That goes for all those encounters with father-in-laws who could never stand your face, nephews who smash your favorite platter just to hear it shatter and sisters who think you’re a loser. Or even cousins fresh out of prison for the New Year.
It’s all about concentrating on the things in our lives that work well and being thankful for them, then tossing in a heaping helping of compassion, say the goodness-minded folks at the Greater Good Science Center.
Carrying on nice family rituals, religious or not, that are comforting and foster pleasant togetherness also goes a long way, they say.
The center has a set of reports, self-administered online tests – the “Altruism Quiz” is one – and graphics with good-attitude hints to reinforce all this advice. Paying close attention can help grind the Grinch right out of anyone, the center’s researchers say.
“The gist of it isn’t any more complicated than the fact that consumption and materialism will not make us happy,” said Christine Carter, a sociologist whose title at the center is the Santa-worthy one of “Happiness Expert.”
“We confuse those things with happiness,” Carter said. “But we have found that there are three main things that make you happier over the holidays, and they have nothing to do with materialism.”
Those three things consist of feeling grateful for the good things in your life, taking time with your family and using every opportunity you can to help others.
“The need for feeling grateful starts with Thanksgiving, but it doesn’t have to end,” Carter said. “It’s important all year round to be grateful for the things that a lot of people take for granted. It can be your kids, your close friends, even just the fact that you have hot water for a shower.
“When you train your attention on what you feel grateful for, you are highly likely to miss the hassles,” Carter said. “Our brains act as giant filters. We are either going to notice what we appreciate, or things that tick us off.”
As for helping others, Carter said, studies of emotional stimulation prove that the old saying about it being “better to give than to receive” is not just folklore.
“When you help someone else, whether it’s at a soup kitchen or just among your friends, it just makes you happier,” she said. “For one, when we’re focused on other people, we can’t focus on ourselves as much. You can’t be brooding on that nasty e-mail you got from the stepmother who doesn’t want you to cook turkey, or whatever.

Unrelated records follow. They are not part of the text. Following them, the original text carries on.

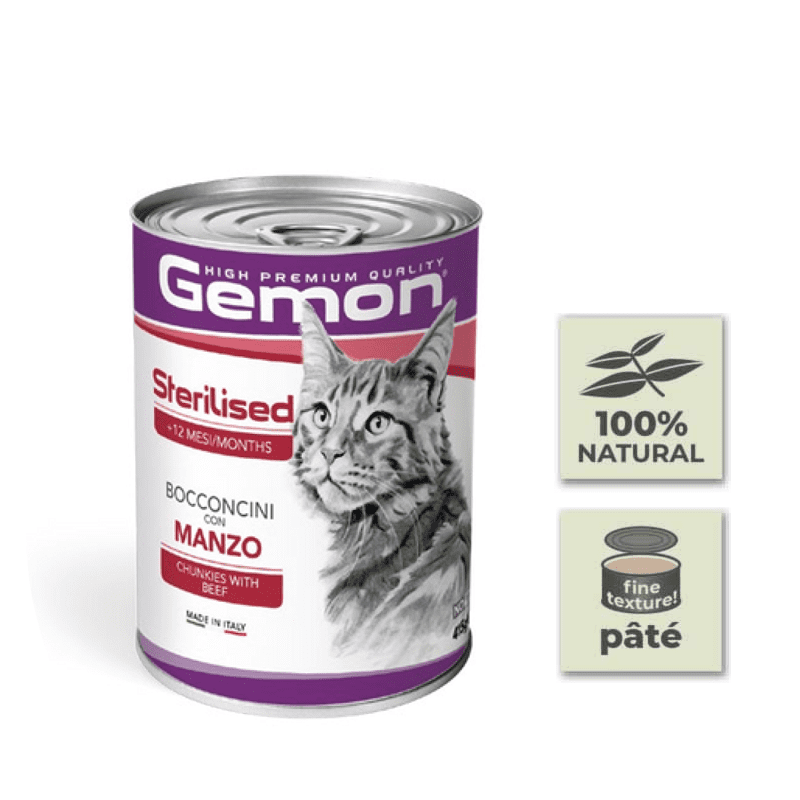 Gemon Can of Sterilized Pate for Sterilized Cats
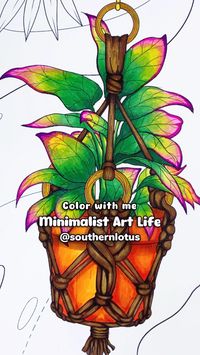 Relax with us - Color by Markers - Minimalist Art Life  🔎This coloring page is a part of “Minimalist Art Life" by Southern Lotus, available on Amazon   🌺 Let us see your artwork by means of using our hashtags #southernlotuscoloringbook #southernlotus #southernlotuspublishing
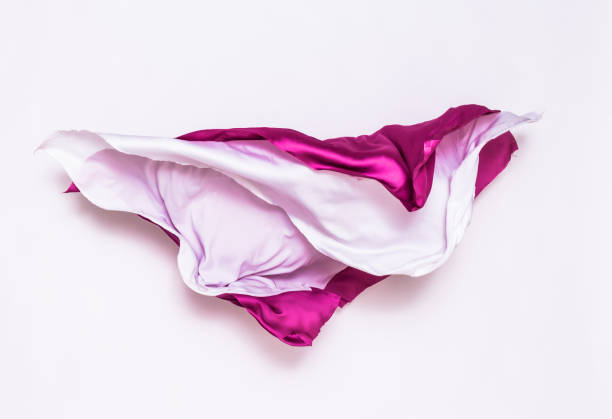 istock abstract pink and white fabric in motion 918699298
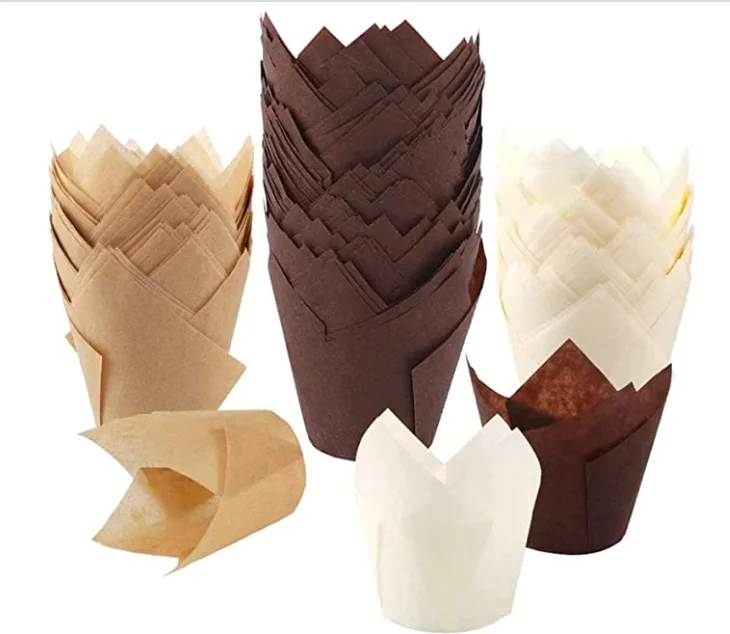 150 pieces Baking Cups Holders Muffin Baking Cups Set for Wedding, Birthday Christmas Baby Shower Tulip Cupcake Liners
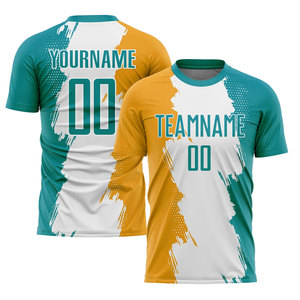 Ensemble de maillots de football personnalisés OEM, uniformes de football de qualité supérieure, fabricant, prix d'usine, fabricant de maillots de football personnalisés - Product Image 2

“A lot of us just need to be distracted from ourselves sometimes,” Carter said.
Dacher Keltner, founder of the center and a UC Berkeley psychology professor, said his research on the vagus nerve in the brain is reinforcing the importance of compassion.

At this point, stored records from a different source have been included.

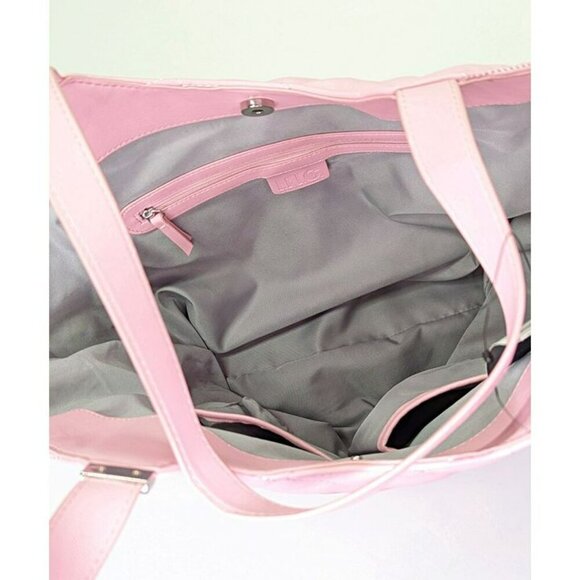 I.N.C. International Concepts Andria Quilted Extra Large Tote Pink (MSRP $100) - Picture 10 of 11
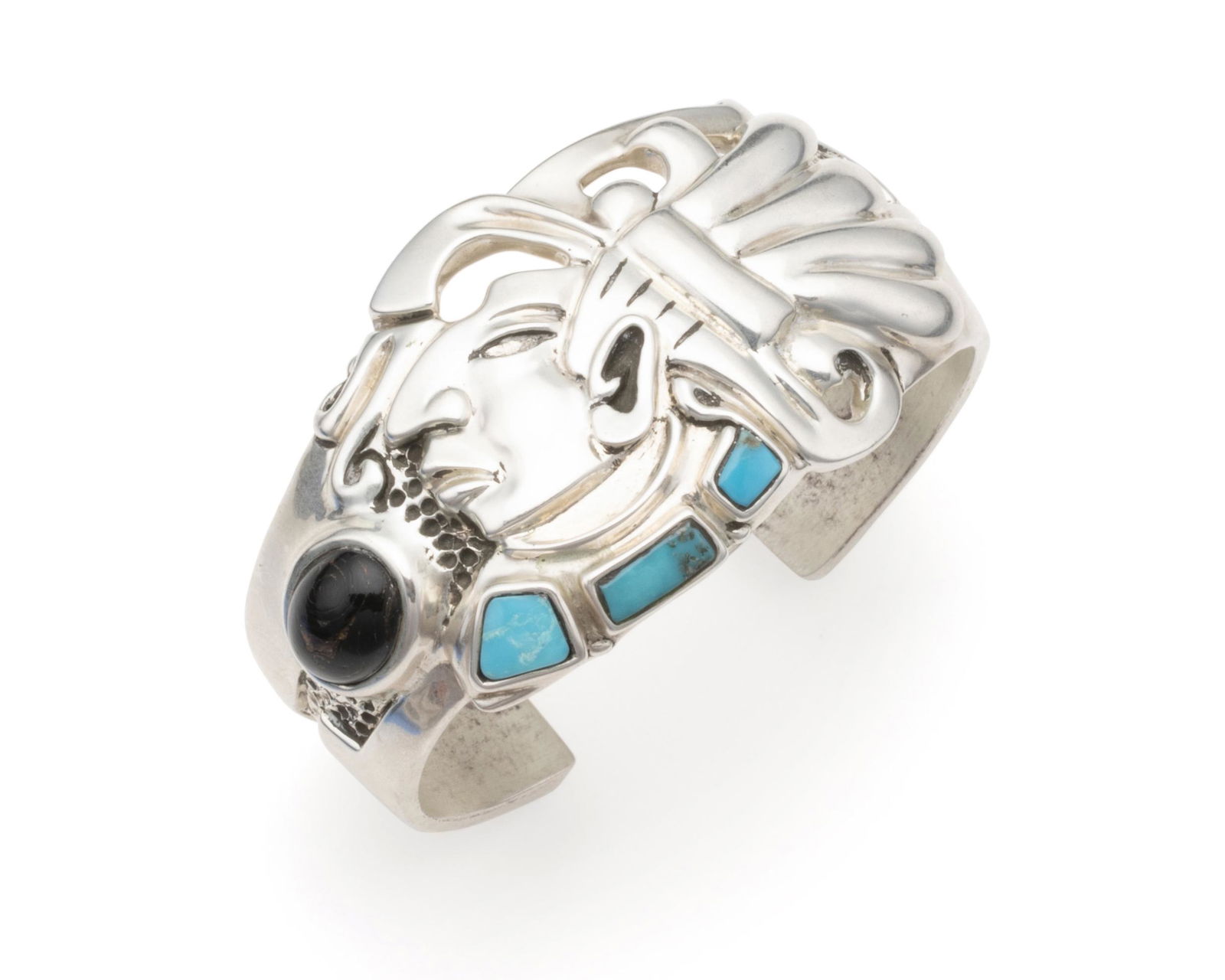 A Sergio Gomez silver cuff bracelet (1 of 3)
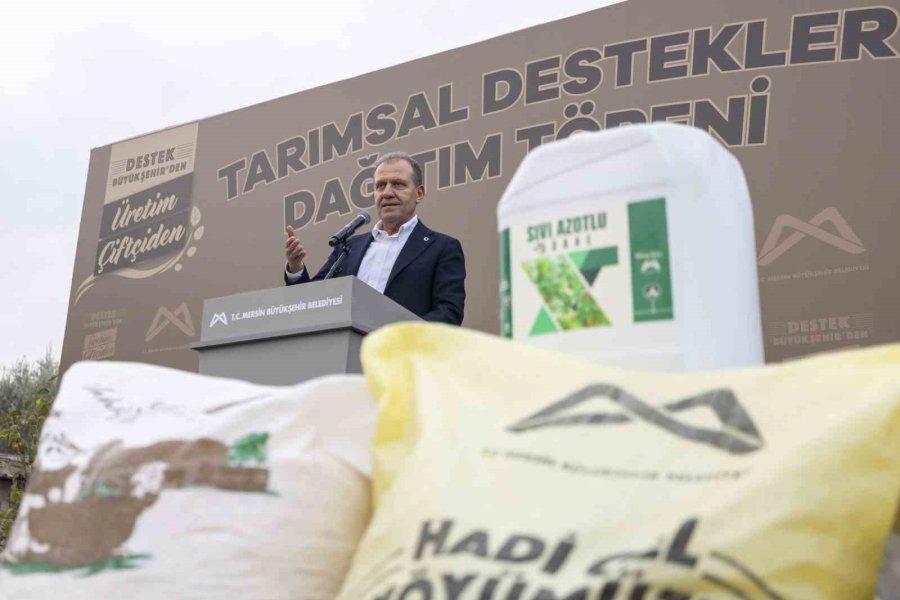 Mersin’de Üreticiye 85 Milyon Liralık Destek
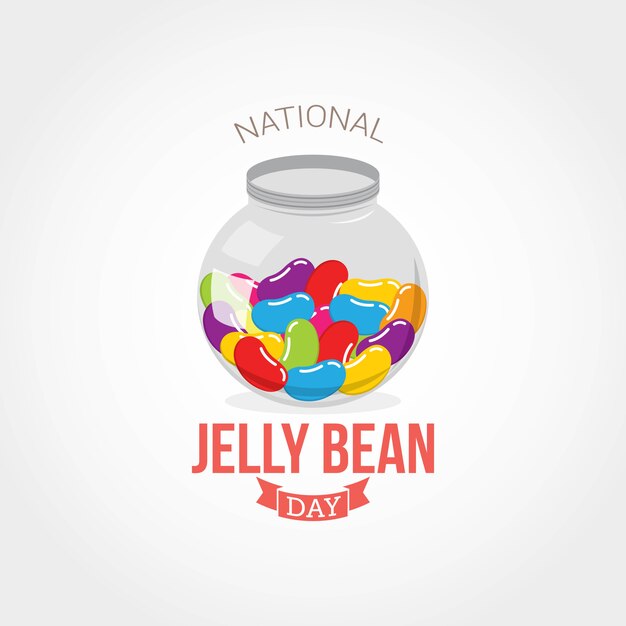 Vector national jelly bean day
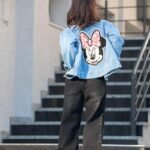 Детско дънково яке Minnie mouse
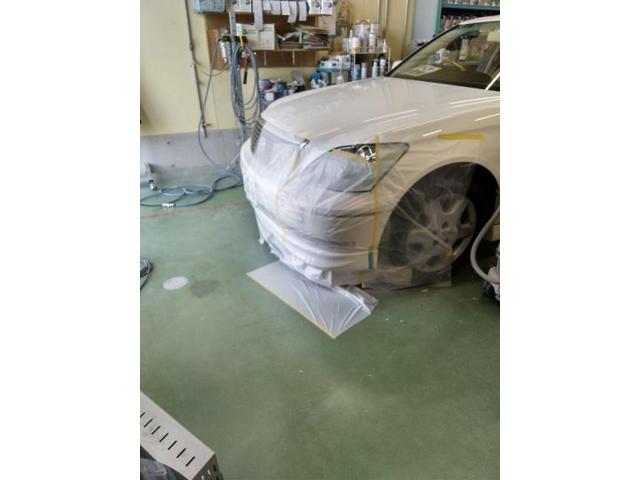 トヨタ　セルシオ　へこんだバンパーキズ・へこみ直し　浜松市　カーコンビニ倶楽部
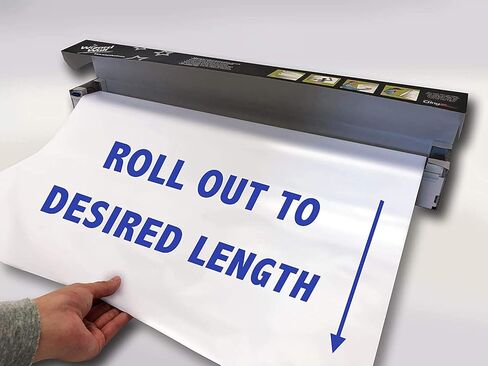 إعادة ملء السبورة البيضاء بشكل فوري، سطح قابل للمسح الجاف وقابل لإعادة تعيين موضعه، لفة مقاس 27.5 بوصة × 40 بوصة in Kuwait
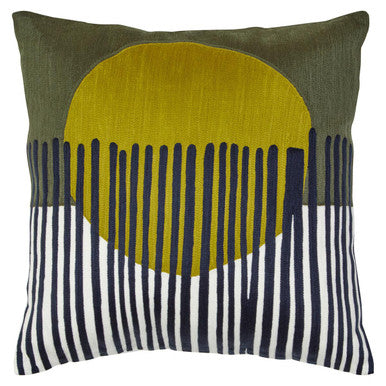 Bosie Ozella Green & White Cushion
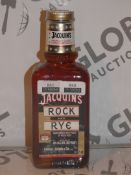 Lot to Contain 6 Brand New Bottles of Jacquines Rock and Rye Whiskey RRP £30 Each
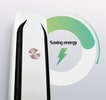 The icon explaining saving-energy and air conditioner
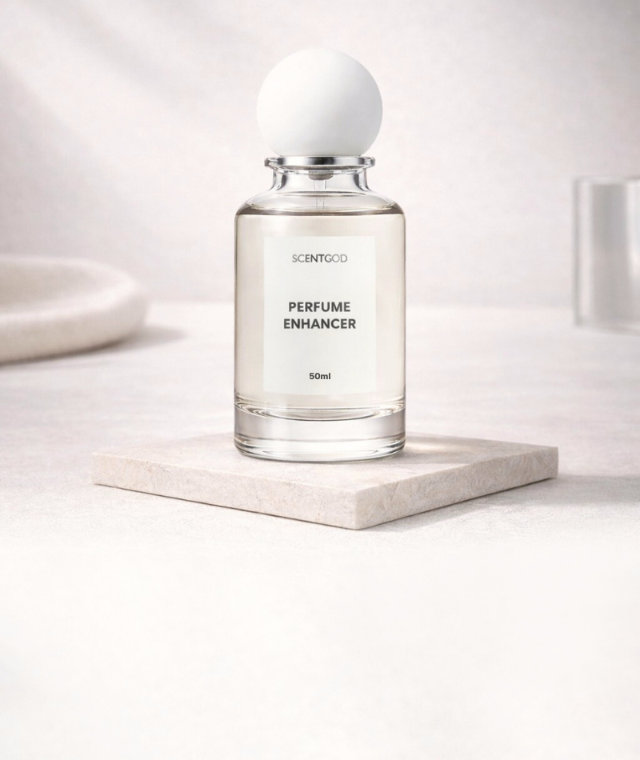 A bottle of Perfume Booster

The vagus nerve extends from the brain down to the abdomen, and it reflects and stimulates feelings of happiness. Dacher’s research with doctoral candidate Craig Anderson indicates that showing compassion, maintaining eye contact and taking time to relax with techniques such as taking a deep breath all result in a healthily stimulated vagus – which in turn makes you happier.
“We know that December is one of the most violent months on the calendar, and there is stress this time of year with travel and getting together with family,” Keltner said. “But there is rock-solid science that shows that, instead of moving toward stress, you can move toward appreciating other people and feeling calmer at this time of year.”

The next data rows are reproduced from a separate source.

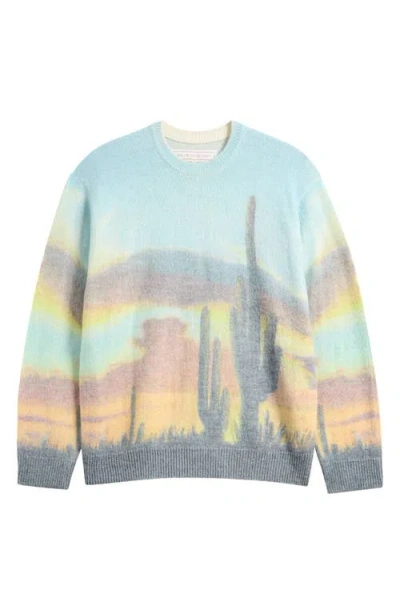One Of These Days Standing Room Crewneck Sweater In Blue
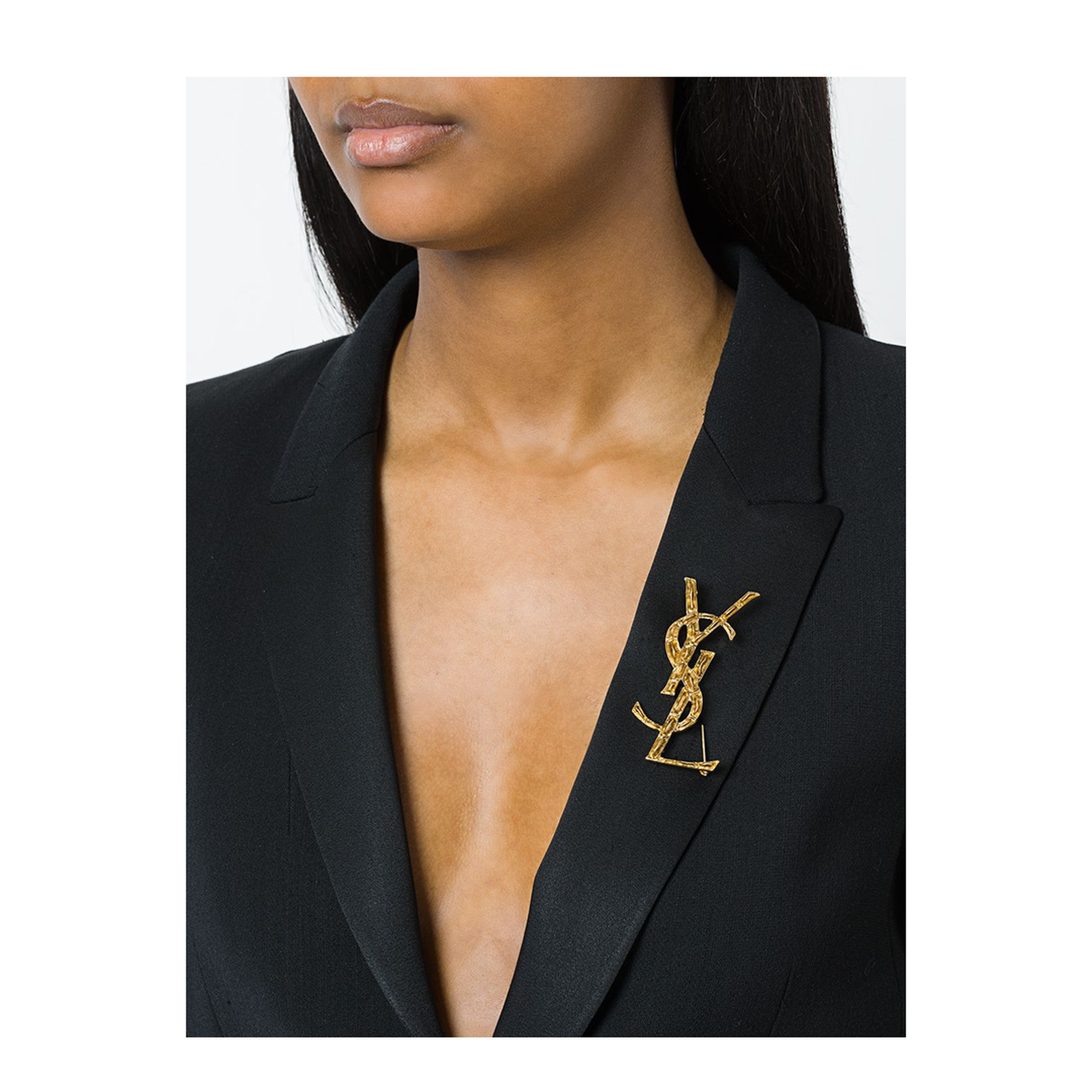 CASSANDRE Crocodile Brooch in Metal in Gold - Image 3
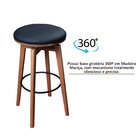 Kit 2 Banquetas De Madeira Maciça E Estofada Idia Ressignific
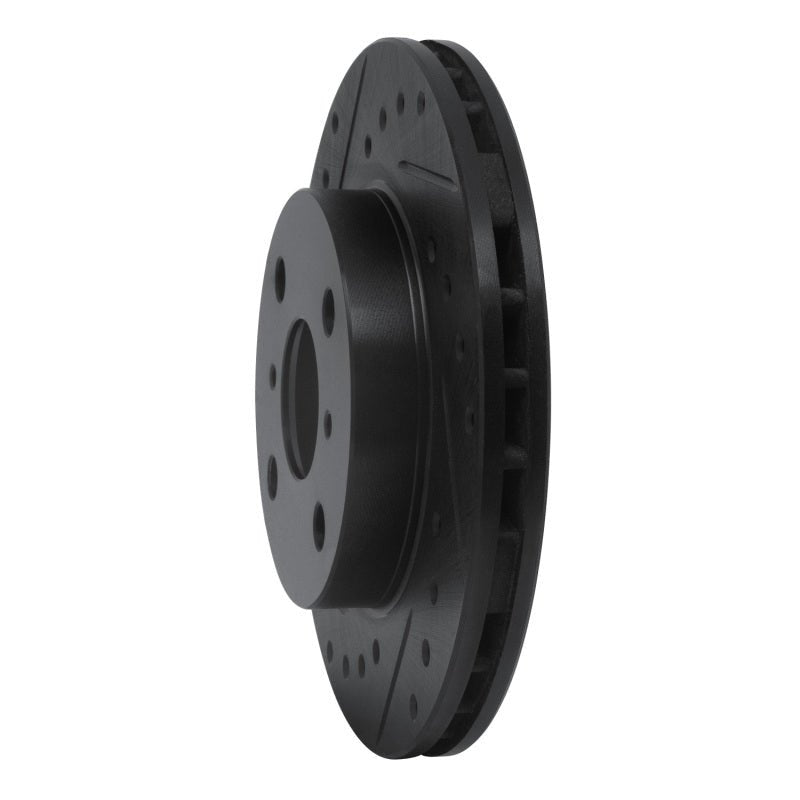 R1 Concepts Toyota Celica Front Right Drilled & Slotted Brake Rotor - Black | rncECB - 76026R - JDMuscleSPK983676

He said his center has found that people are less connected to their neighbors and have fewer friends than 20 years ago, and that counteracting that trend is useful for Christmas, Hanukkah or New Year bliss.
“If you volunteer, look more closely to people who support you, allow yourself to touch people you care about with hugs or even just a neck massage – it all helps,” Keltner said. “Also, watch how you breathe – taking deep breaths when you need to, really do help calm you down.”
Carter is well aware that the reaction to feel-good advice can at times be more a rolling of the eyes rather than a nod of the head. That’s understandable, she said.
Letting yourself enjoy the holidays, let alone your entire life, can take a bit of concentration and work, she said. But it’s worth it.
“I think of happiness as a skill,” said Carter, whose seemingly perpetual incandescent smile would indicate that she takes her own advice. “It’s all about what you practice and think about.”
Ok ok…I’m sure by now you have read about meditation in a number of places.
But is meditation really for you and WHY should you even sit down and shut up?
Let me explain…
Meditation has been used for centuries as a method for relaxation, improving health, and finding mental clarity. With so many benefits, it’s no wonder that it is used in cultures all over the world.
It’s hard to believe that something that looks so much like sitting around doing nothing is really doing quite a lot for your mind, body, and spirit. However, it has been found that as little as ten minutes of meditation a day can bring about significant positive changes.
In 2003, Dr. Jon Kabat-Zinn of the University of Massachusetts Medical School conducted a research study regarding the effects of meditation on highly-stressed employees at a high-tech company. The resulting brain scans showed that those employees who had been taught to meditate experienced a transfer in their brain activity into the joy and happiness center in the left frontal lobe of the brain.
Studies like this one are getting more and more companies, as well as individuals, thinking about the benefits of meditation and what the practice could mean for them. From increased productivity and job satisfaction to better relationships among employees, there are some real reasons to consider meditation in the workplace.
Of course, all of these benefits can be extended to everyday life, too, so considering meditation just for job purposes is too narrow of a focus. Instead, think of how you could gain physically, emotionally, and spiritually by incorporating a few minutes of this deep relaxation into your daily schedule.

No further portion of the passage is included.